O termo laicidade vem da palavra grega laos que significa que as pessoas são entendidas como uma unidade indivisível, última referência de todas as decisões tomadas pelo bem comum. O secularismo acolhe esse ideal universal de organização da cidade e dispositivo jurídico que se funda e realiza sobre sua base.

A laicidade como Henri Pena-Ruiz (2003) diz, “é a palavra para o ideal de emancipação da esfera pública no que diz respeito a qualquer autoridade religiosa ou, num sentido mais amplo de toda a tutela do Estado, que para ser democrático, deve ser de todos e não apenas de alguns”.

Laicidade tem como base três pilares: a liberdade de consciência, o que significa que a religião é livre, mas apenas diz respeitos aos crentes, e que o ateísmo é livre mas apenas afeta os ateus; a igualdade de direitos, que impede todo privilégio público da religião ou do ateísmo; e a universalidade da ação pública, isto é, sem discriminação de nenhum tipo.

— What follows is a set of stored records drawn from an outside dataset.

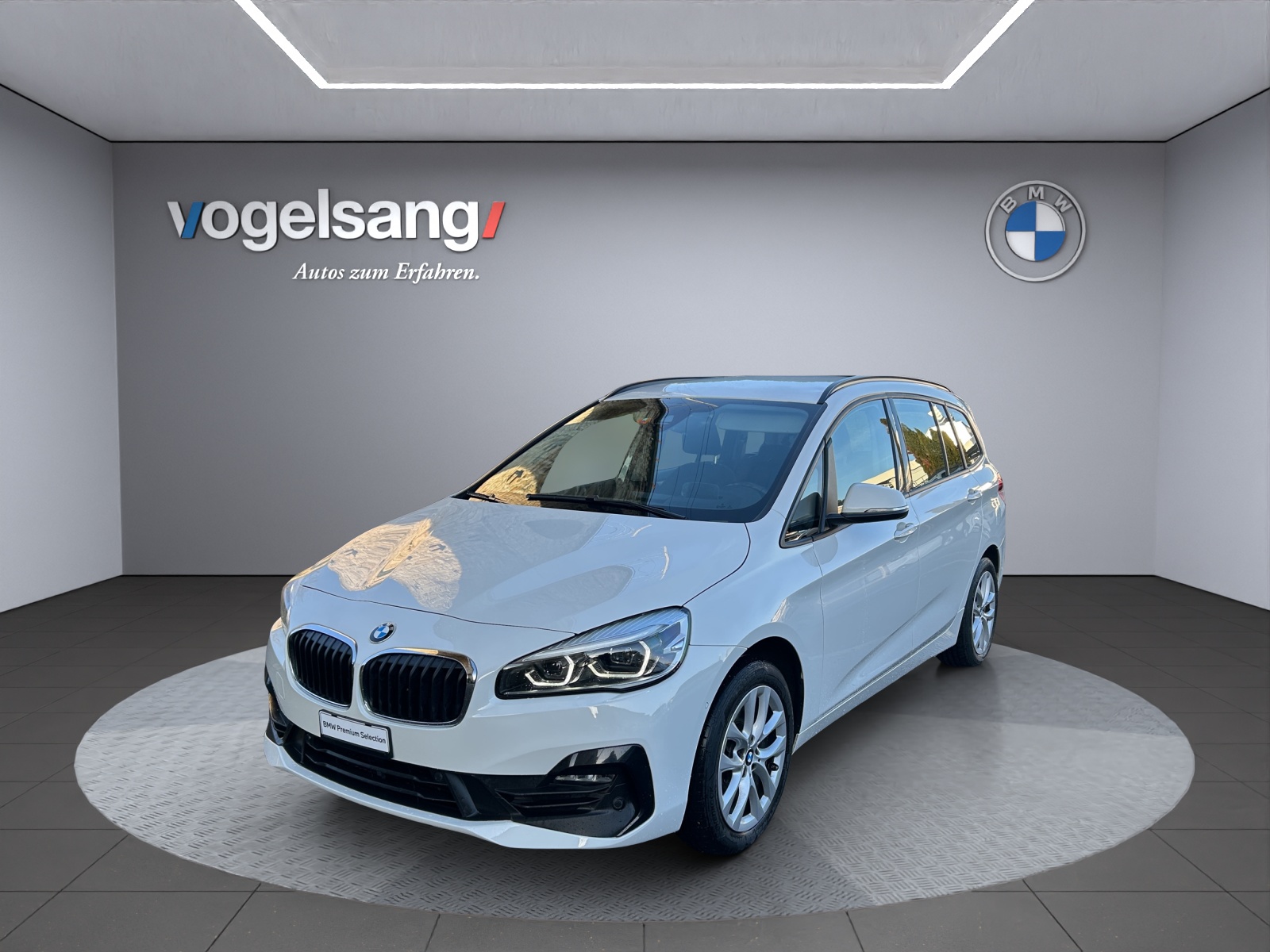 BMW 218d xDrive Gran Tourer Steptronic-image-0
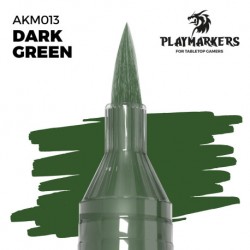 AKM013 Dark green - playmarker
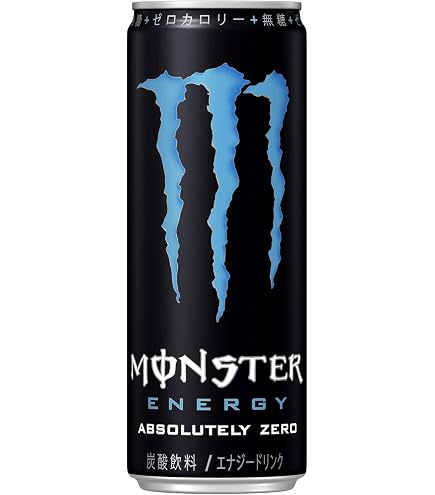 MONSTER アサヒ飲料 モンスターエナジー 355ml エナジードリンク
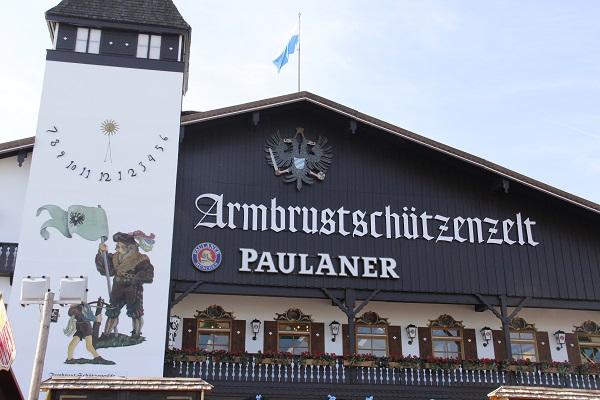 cervejarias da Oktoberfest de Munique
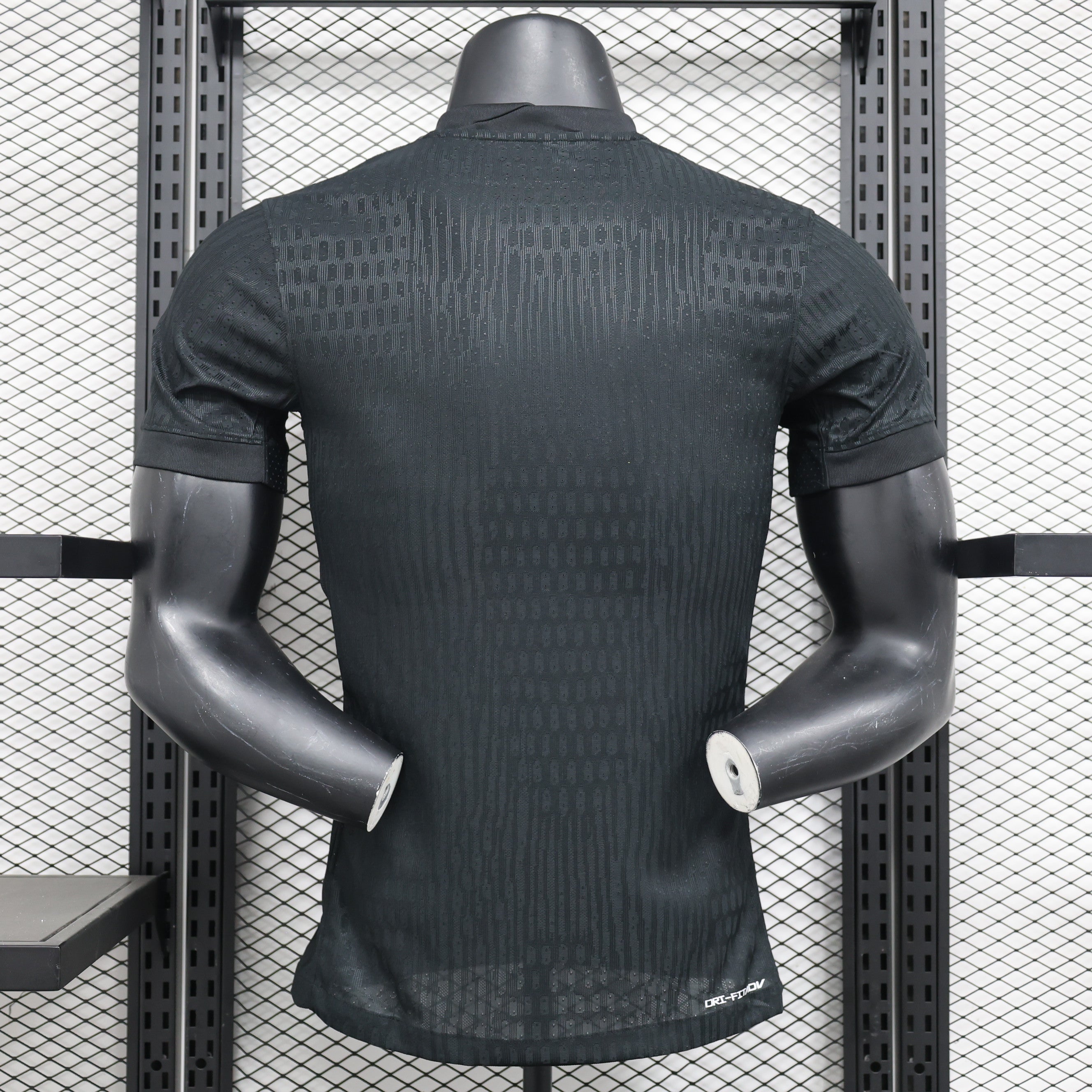 corinthians away black player version jersey 2024/2025 tm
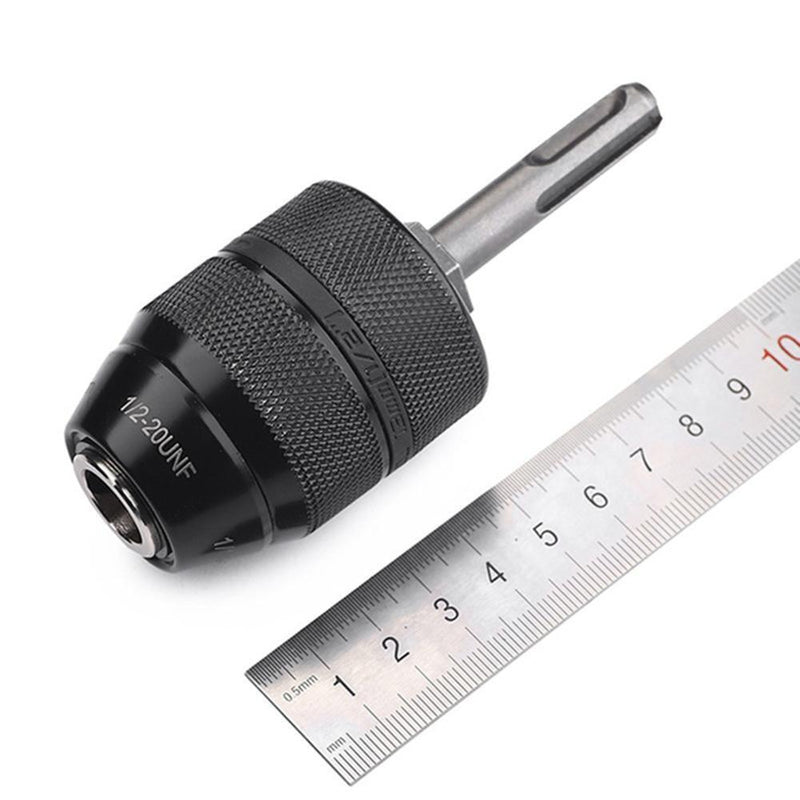 SDS Keyless Drill Chuck Quick Change Adapter Converter for Electric Drills Newly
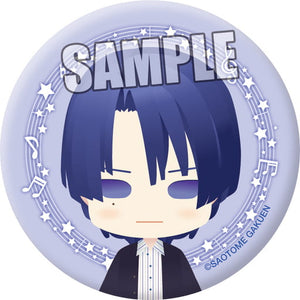 Masato Hijirikawa Uta no Prince Sama Trading Tin Badge Amazing Aria & Sweet Serenade Love Chibi Chara Ver. Can Badge [USED]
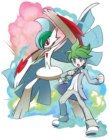 Mega Gallade & Wally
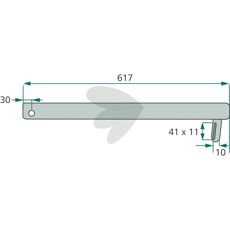 Pin Arm - 57554800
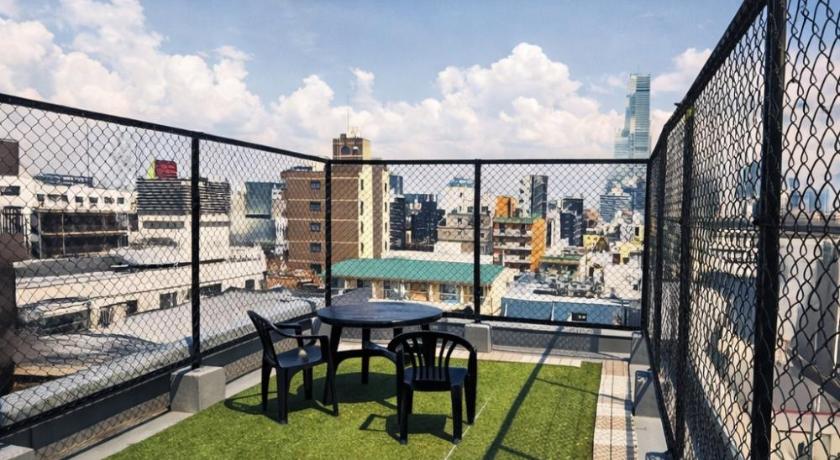 大阪 心斎橋難波関空直通Hayatama One Stop Shinsaibashi Ambers Hostel 酒店 客房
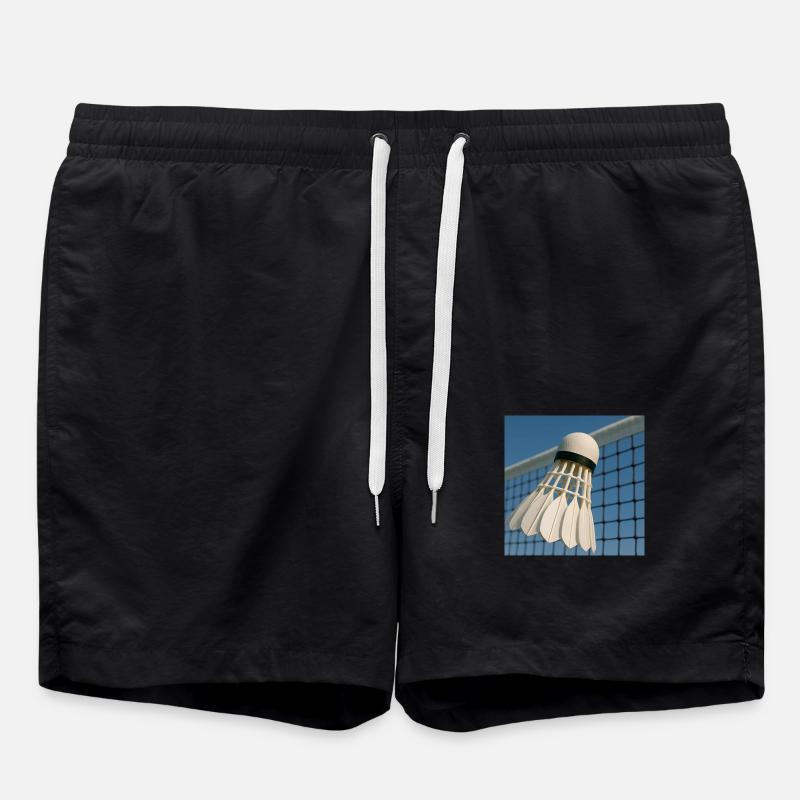 Sportarten - Badminton - Badeshorts - Schwarz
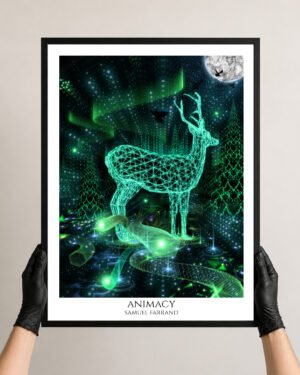 Animacy | Archival Matte Poster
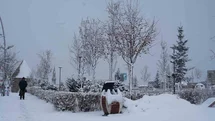 Erzurum ve Çevresinde Kar Uyarısı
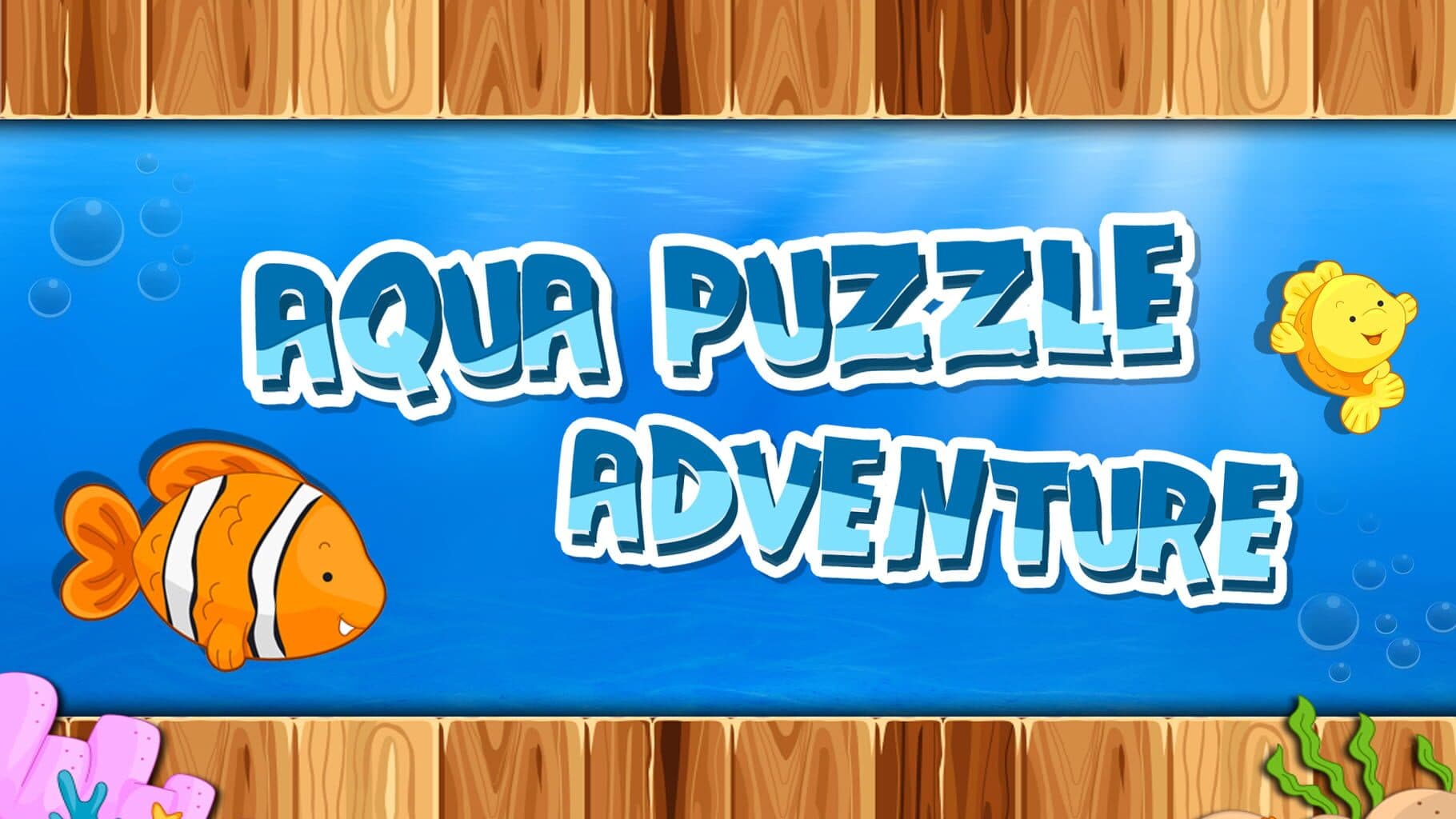 Aqua Puzzle Adventures Image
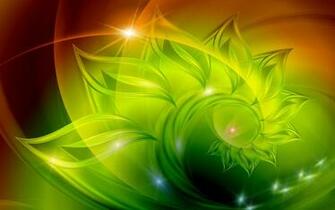 Green Flower Html E Mail Templates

Essas são as três exigências indissociáveis da laicidade, afirma Henri Peña-Ruiz.

OS PRINCÍPIOS DA LAICIDADE

A liberdade de consciência. A consciência é livre para aderir a qualquer escolha espiritual, seja crente, agnóstica ou ateia, ou a não aderir a qualquer ou para mudar de opinião (a apostasia é um direito que deve ser garantido pelo Estado).

Separação do Estado e da Religião. Isto implica uma clara distinção entre o público e o privado, e a estrita separação entre política e religião ou outras particularidades.

A igualdade de tratamento de todos os cidadãos. A neutralidade do Estado laico requer que nenhuma escolha particular ou contingência (religiosas ou não) sejam discriminadas positivamente ou negativamente. Não pode haver privilégios públicos de uma opinião ou pertencimento comunitário em um Estado Laico. Somente assim se garante a igualdade, considerando-se todos os indivíduos como cidadãos livres. Nesse sentido, está claro que quando LGBTs brasileiros pedem direitos iguais aos cidadãos heterossexuais, como por exemplo, o direito ao casamento, ou a proibição da discriminação motivada por identidade de gênero ou orientação sexual – isto nada tem a ver com privilégios, mas pelo contrário, diz respeito a isonomia Estatal e a igualdade de direitos. Na democracia laica nenhum grupo de cidadãos pode ter menos direitos do que aqueles concedidos ao conjunto da cidadania.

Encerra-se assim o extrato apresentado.